# Typosquatting

Typosquatting is the malicious practice of registering domain names that closely resemble popular brands and businesses. Attackers do this in the hope of deceiving users. A user might mistype the web address and land up on a malicious site. The site may show harmless ads. More seriously, it might look like the genuine site. The user may then perform transactions and thereby disclose sensitive information.

Typosquatting can also be done on software packages. Developers might unknowingly download and install malicious packages. This compromises the security of their applications.

Typosquatting could be combined with other cyberattacks such as phishing. Domain owners, developers and users have to take precautions to protect themselves against typosquatting.

## Discussion

• What aspects of software can be attacked by typosquatting?

Typosquatting can occur on domain names. This is sometimes called DNS Typosquatting or URL hijacking. Suppose a user wishes to visit live.com but mistypes this as livve.com, live.cm or liv.ecom. This is not exactly harmful if such domains don't exist. However, attackers can register these domains and thereby redirect requests meant for live.com to their own servers. This compromises the intended client-server interaction.

Software supply chain is about how software packages are distributed by developers and downloaded by other developers for use in their applications. A developer wishing to use a package may mistype the name and thereby install the wrong package. The wrong package has been shared by the attacker. Thus, instead of installing atlas_client, the developer may install atlas-client that contains malicious code.

Thus, broadly we have domain typosquatting or package typosquatting. In either case, typosquatting makes sense for highly popular domains or packages. Even if a small proportion of users make a typo error, the attackers stand to benefit a great deal.

• Which are some variations or techniques in typosquatting?

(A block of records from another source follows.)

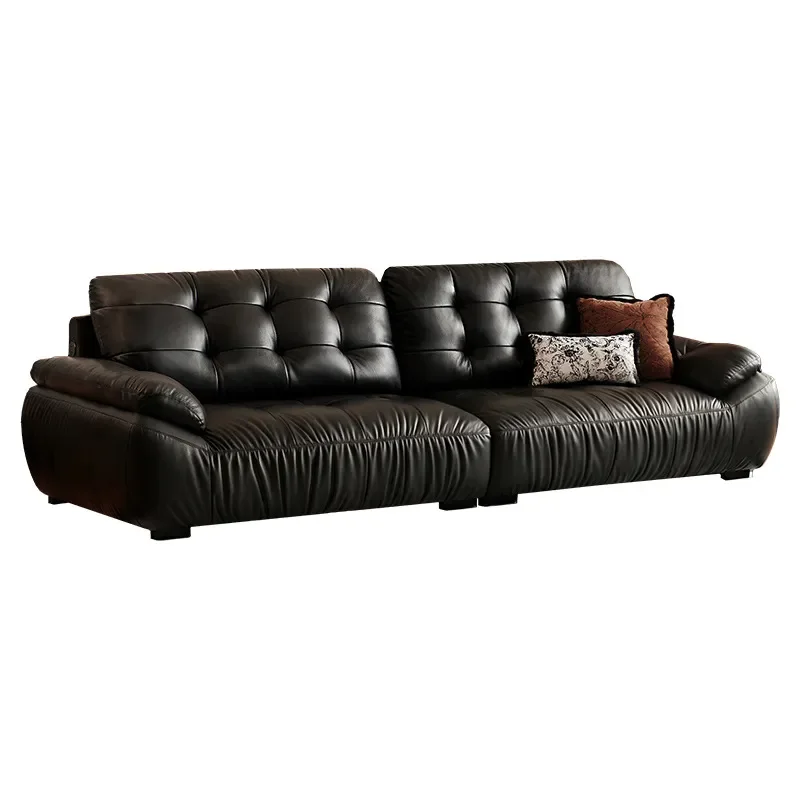 Italian Minimalist Multi-functional Living Room First Layer Cowhide Cloud Leather Art Sofa Black Retro Leather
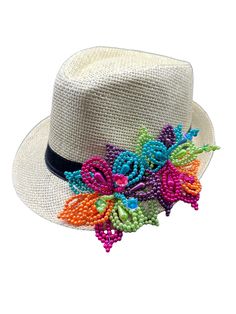 image Handmade Flower Hats For Summer, Multicolor Straw Hat For Beach And Kentucky Derby, Adjustable Flower Straw Hat For Beach, Bohemian Flower Sun Hat For Beach, Bohemian Flower Shaped Sun Hat For Beach, Multicolor Summer Fedora With Short Brim, Multicolor Fedora For Summer Vacation, Adjustable Beach Hat With Floral Design, Adjustable Flower Hat For Beach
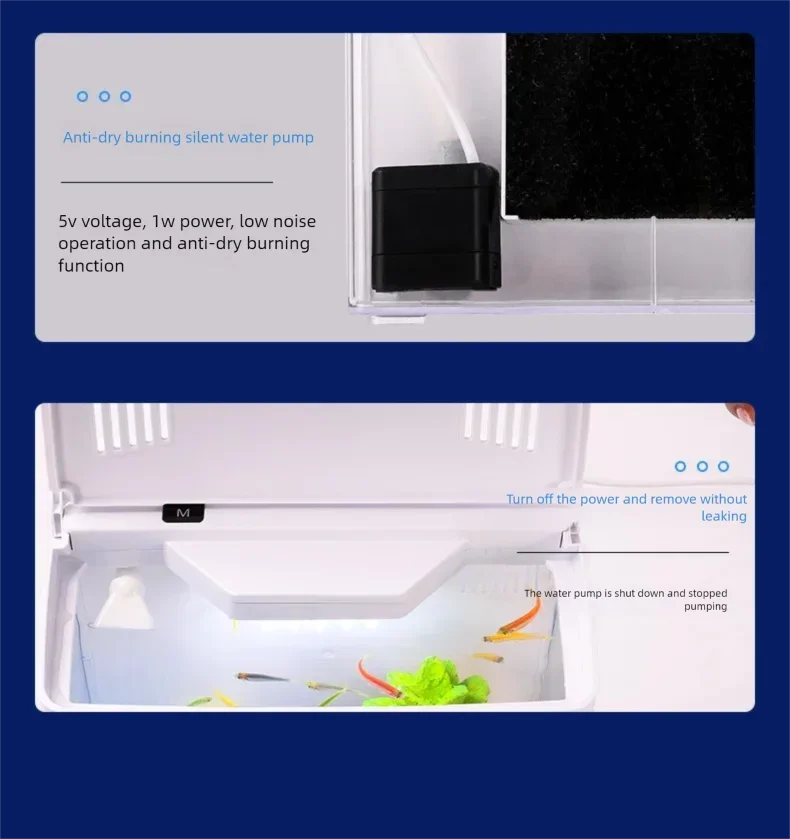 Self circulating household desktop fish tank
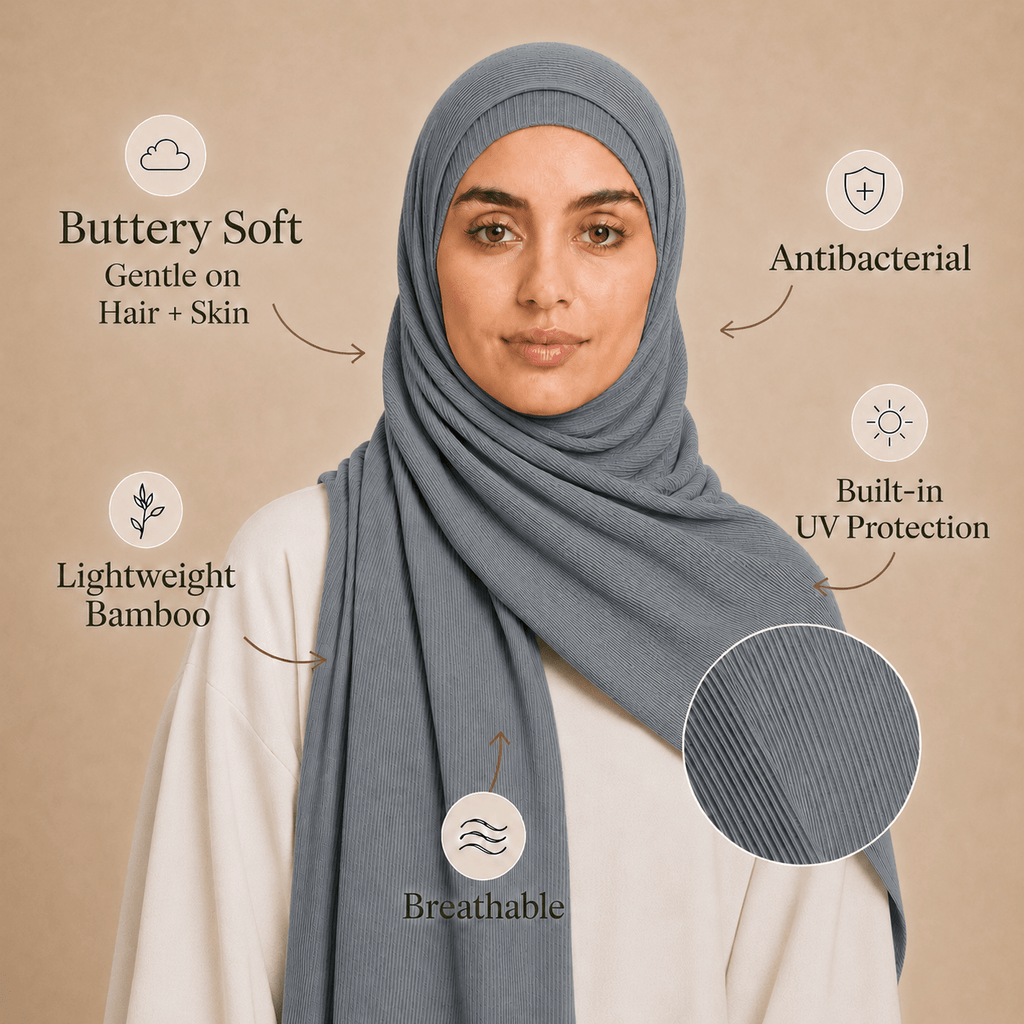 RY230 Slate Blue Grey Cotton Ribbed Jersey Hijab Scarf – Soft Stretch Breathable Headscarf - Raya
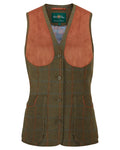 Willow coloured Alan Paine Combrook Ladies Tweed Shooting Waistcoat on white background #colour_willow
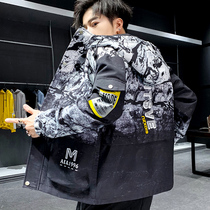 Teenage hooded jacket men Spring and Autumn junior high school students trend handsome casual jacket camouflage gown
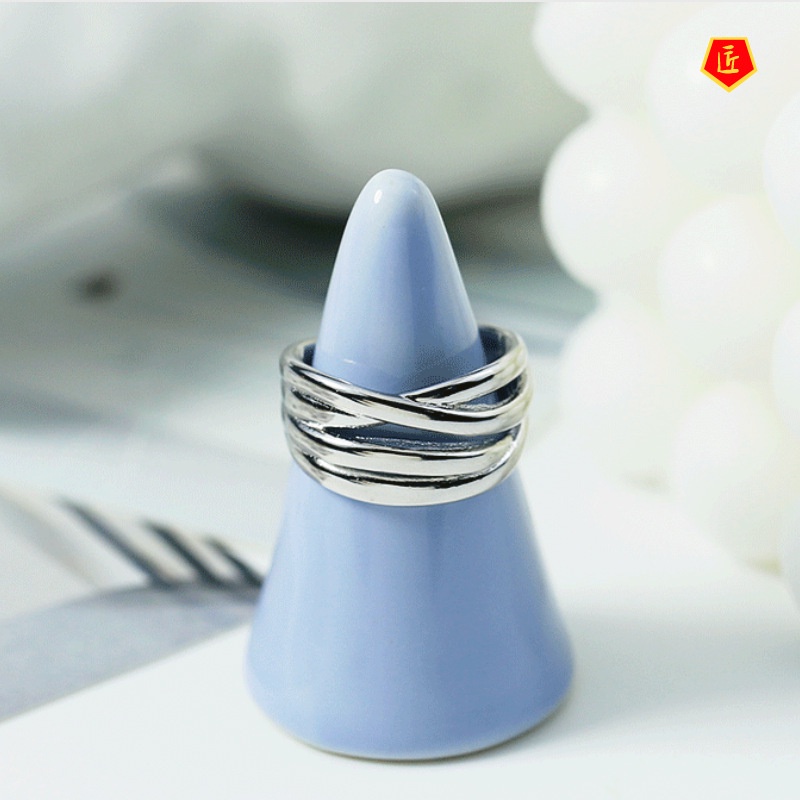 [Ready Stock]S925 Silver Ins Stylish Simple Personality Open Ring for Women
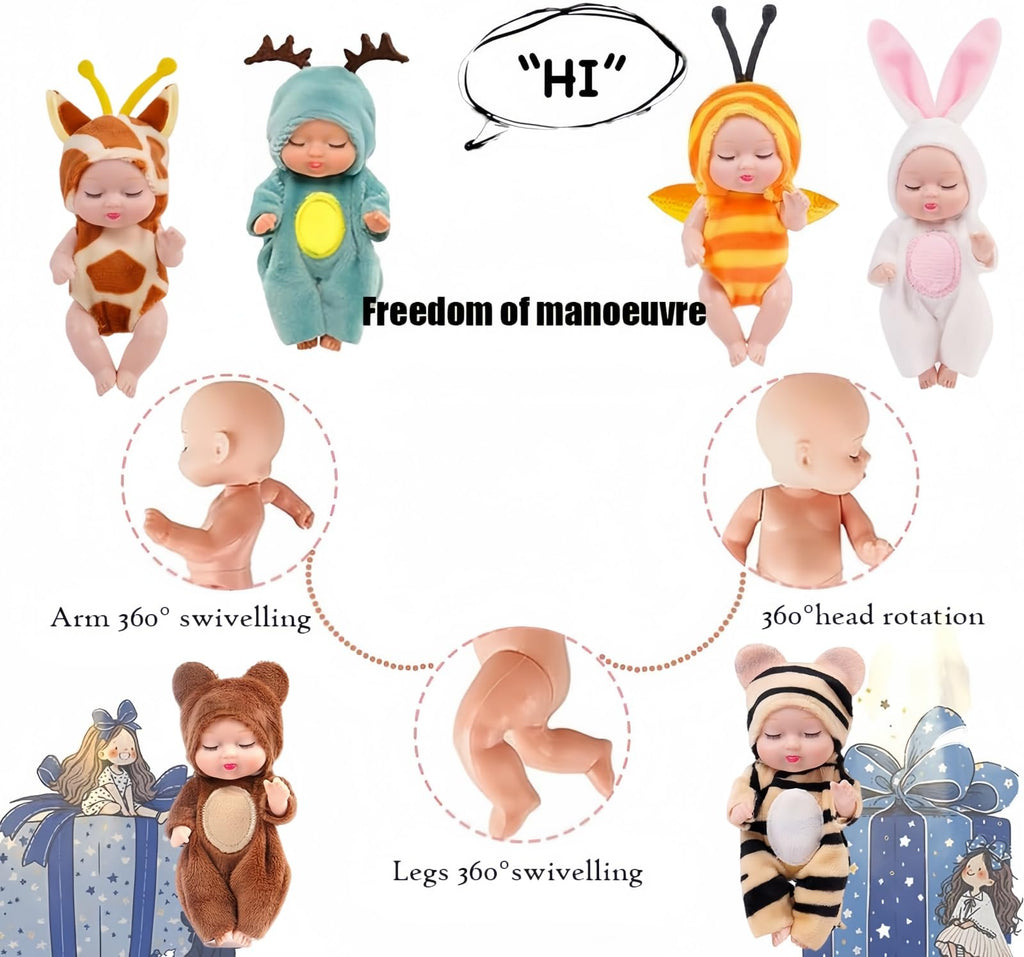 SwankyStyle 6-Piece Mini Baby Dolls Set - 4-Inch Dolls with Animal Clothes, Movable Joints, Gift Box (Style D)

Let's assume that the correct domain name is "cisecurity.org". Here are some typosquatting variations, some of which can be easily mistyped by users:

• Omission: "csecurity.org" where the first "i" is omitted.
• Substitution: "cisecurlty.org" where "l" fills in for a "i". Another example is "cisecurity.com".
• Transposition: "csiecurity.org" where "i" and "s" positions are swapped.
• Hyphenation: "ci-security.org" where there's an extra hyphen.

These variations can be described differently. Assuming that the domain is "google.com", we can have misspelling (goggle.com), extra period (goo.gle.com), confusion between numbers and letters (g00gle.com), phrasal change (googles.com), or additional words (googlesearch.com).

• Which are some advanced typosquatting techniques?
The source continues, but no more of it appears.